In general, Nietzsche's lion doesn't appear much on this blog: when he does show up, he is usually wearing some kind of muzzle ("be polite to prophets even as you doubt their integrity, you uncouth brute!").  Here, you get the wild thing unleashed, untamed, in all his awful glory.  He is not a tame lion.  I cannot hold him or keep him back here.  The divine fury possessed me as its humble instrument, and I just had to write and write.  This terrible screed was the result.  He wrote it, not me--not the nice, reasonable guy you are used to from the blog.  This dude is a wild animal!  Caveat lector.

Now, if after that you decide to read and feel offended, don't say I didn't warn you.  And don't think that I am "angry" or that my position relative to institutional Mormonism has changed one iota.  It hasn't.  I still think that the church contains a lot of good stuff, but that doesn't mean that it is perfect (any more than anything else: some sins not even charity will cover).  It has always been my feeling that the best things in any situation do not disappear when we examine them with humor.  The truths that matter are still true when you make fun of them: in fact, they improve when we laugh at them.  So read, and if you cannot laugh with the lion, at least try to laugh at him.  So earnest.  So wild.  So silly.  And his language is not always couth.  But he starts off sounding reasonable, perfectly rational and balanced, as you can see.

Initially, I blamed a lot of the angst I felt in confronting my humanity on Mormonism (and some of that was merited: I got some unnecessary bad stuff from some of the Mormon people in my life, including myself). But now I see that much of it was only incidentally Mormon. There is nothing inherently horrible in Mormonism (or any -ism). Whatever there is horrible in ideologies is what people, people like me, put there. I can rebel against an -ism, against a church, against a culture outside myself, but how to rebel against myself? That is the real problem, the real battle that we come back to when all is said and done.

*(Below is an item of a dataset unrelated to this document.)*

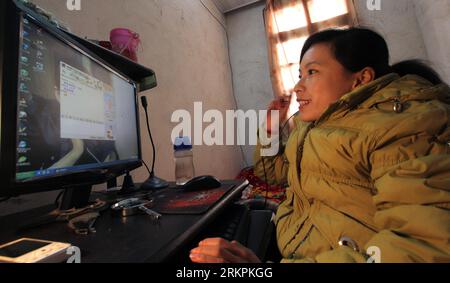 Bildnummer: 58016573  Datum: 22.05.2012  Copyright: imago/Xinhua (120522) -- BEIJING, May 22, 2012 (Xinhua) -- The file photo taken on Jan. 18, 2011 shows Su Xiaolin doing business online at her home in Qidong, east China s Jiangsu Province. More and more physically disabled in China have found ways to join the country s get rich rush, which could have left them behind if not for the Internet. According to sources with Taobao, the country s largest e-commerce platform, more than 30,000 disabled across the country are managing online stores at Taobao.com. Official statistics show that China cur Stock Photo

My battle is no longer about Mormonism, really. It is about me confronting my human limits and learning to live, and live well, within them. I have learned that I have to respect them. There are no silver bullets, no places of permanent safety, no communities where I can "let it all hang out" and expect to coast effortlessly to eternal happiness (or even lasting temporal happiness). I have learned to suffer. But in so doing I have also learned to let go of suffering, to accept it and move through it. I wouldn't trade that for anything.  I feel lucky, grateful even. It will sound awful to some people, but I even feel grateful to Mormon leaders, including the most dickish, for being such transparent fools and insufferable assholes that they forced me to stop drinking the Kool-Aid and confront the reality that my naive, childish views of life were (and were always going to be) utter horseshit. If they had been too good, too worthy of the awesome mantle they affect, I might never have seen the need to reach outside childish daydreams for adult happiness (and sorrow). I might never have lived. How sad. I would hate that.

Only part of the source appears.